Mientras Pendergast conducía hacia el sur, D'Agosta encendió el ordenador portátil, accedió a Internet a través de una conexión por satélite e inició una búsqueda sobre Charles F. Ponsonby Jr. En pocos minutos quedó desbordado por la información. El primer dato era que Ponsonby ocupaba la cátedra Lyman de historia del arte en la Universidad de Princeton.
–Ya decía yo que me sonaba el nombre… –dijo Pendergast–. Creo que está especializado en el Renacimiento italiano. Tenemos suerte de que todavía imparta clases. Ya debe de ser profesor emérito. Si es tan amable, Vincent, consiga su currículo.
Mientras Pendergast se metía en la autopista de New Jersey y aceleraba suavemente entre el tráfico de la tarde, D'Agosta leyó en voz alta los cargos, premios y publicaciones del profesor. La lista era larga, pero lo fue aún más por la gran cantidad de resúmenes de artículos que Pendergast insistió en oír palabra por palabra.

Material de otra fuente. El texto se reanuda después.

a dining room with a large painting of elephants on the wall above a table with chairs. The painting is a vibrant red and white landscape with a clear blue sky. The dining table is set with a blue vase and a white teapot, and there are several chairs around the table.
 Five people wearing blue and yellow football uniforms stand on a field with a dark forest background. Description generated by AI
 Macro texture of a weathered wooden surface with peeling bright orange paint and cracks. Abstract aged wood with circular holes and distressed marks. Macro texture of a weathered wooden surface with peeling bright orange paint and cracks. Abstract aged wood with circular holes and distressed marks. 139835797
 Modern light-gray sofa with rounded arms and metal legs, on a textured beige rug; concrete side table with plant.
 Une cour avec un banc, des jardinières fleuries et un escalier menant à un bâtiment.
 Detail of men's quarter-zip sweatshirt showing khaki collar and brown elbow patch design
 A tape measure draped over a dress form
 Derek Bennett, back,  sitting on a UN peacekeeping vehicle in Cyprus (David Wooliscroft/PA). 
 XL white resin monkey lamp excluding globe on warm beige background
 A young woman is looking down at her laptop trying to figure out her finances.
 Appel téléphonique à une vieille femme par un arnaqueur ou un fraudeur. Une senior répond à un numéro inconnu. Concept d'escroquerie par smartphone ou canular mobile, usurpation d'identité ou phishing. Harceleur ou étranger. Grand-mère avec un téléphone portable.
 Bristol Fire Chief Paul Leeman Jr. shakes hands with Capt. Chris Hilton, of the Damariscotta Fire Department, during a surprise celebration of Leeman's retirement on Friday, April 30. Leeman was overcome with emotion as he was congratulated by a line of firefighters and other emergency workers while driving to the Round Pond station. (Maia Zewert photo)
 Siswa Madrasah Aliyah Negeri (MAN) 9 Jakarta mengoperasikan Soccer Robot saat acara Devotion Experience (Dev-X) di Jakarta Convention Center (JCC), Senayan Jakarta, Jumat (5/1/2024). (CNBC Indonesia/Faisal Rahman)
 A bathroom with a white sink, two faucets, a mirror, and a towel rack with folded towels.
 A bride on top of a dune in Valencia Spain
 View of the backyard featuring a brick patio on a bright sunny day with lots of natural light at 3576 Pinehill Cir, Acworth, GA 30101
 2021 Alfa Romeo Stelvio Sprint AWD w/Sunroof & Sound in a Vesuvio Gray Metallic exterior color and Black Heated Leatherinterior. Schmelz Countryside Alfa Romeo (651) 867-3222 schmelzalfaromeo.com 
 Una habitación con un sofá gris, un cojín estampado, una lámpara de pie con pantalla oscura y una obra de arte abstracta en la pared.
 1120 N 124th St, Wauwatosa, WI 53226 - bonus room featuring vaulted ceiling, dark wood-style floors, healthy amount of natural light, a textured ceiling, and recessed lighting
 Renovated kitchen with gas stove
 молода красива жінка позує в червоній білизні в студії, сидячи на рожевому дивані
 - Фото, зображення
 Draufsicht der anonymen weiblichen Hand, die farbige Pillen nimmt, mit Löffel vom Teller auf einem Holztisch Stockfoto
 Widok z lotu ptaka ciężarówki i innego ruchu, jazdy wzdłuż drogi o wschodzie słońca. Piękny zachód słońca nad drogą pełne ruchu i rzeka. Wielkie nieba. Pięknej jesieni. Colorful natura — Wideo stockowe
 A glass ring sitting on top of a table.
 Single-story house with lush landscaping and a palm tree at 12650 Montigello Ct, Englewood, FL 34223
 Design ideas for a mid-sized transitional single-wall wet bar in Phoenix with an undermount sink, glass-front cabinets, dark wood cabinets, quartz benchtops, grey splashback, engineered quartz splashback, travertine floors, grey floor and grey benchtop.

Al final Pendergast le dio las gracias, sacó su teléfono móvil, marcó un número, habló con información, marcó otro número y dijo unas palabras.
–Ponsonby acepta recibirnos –dijo guardándose el teléfono–. A su pesar. Estamos muy cerca, Vincent. La fotografía demuestra que los cuatro estuvieron juntos como mínimo una vez. Lo que tenemos que saber ahora es el lugar exacto de la reunión, pero sobre todo qué ocurrió durante ese encuentro decisivo, algo que les unió de por vida.
Pisó un poco más el acelerador. D'Agosta le miró de reojo. Parecía verdaderamente ansioso, como un sabueso sobre una pista.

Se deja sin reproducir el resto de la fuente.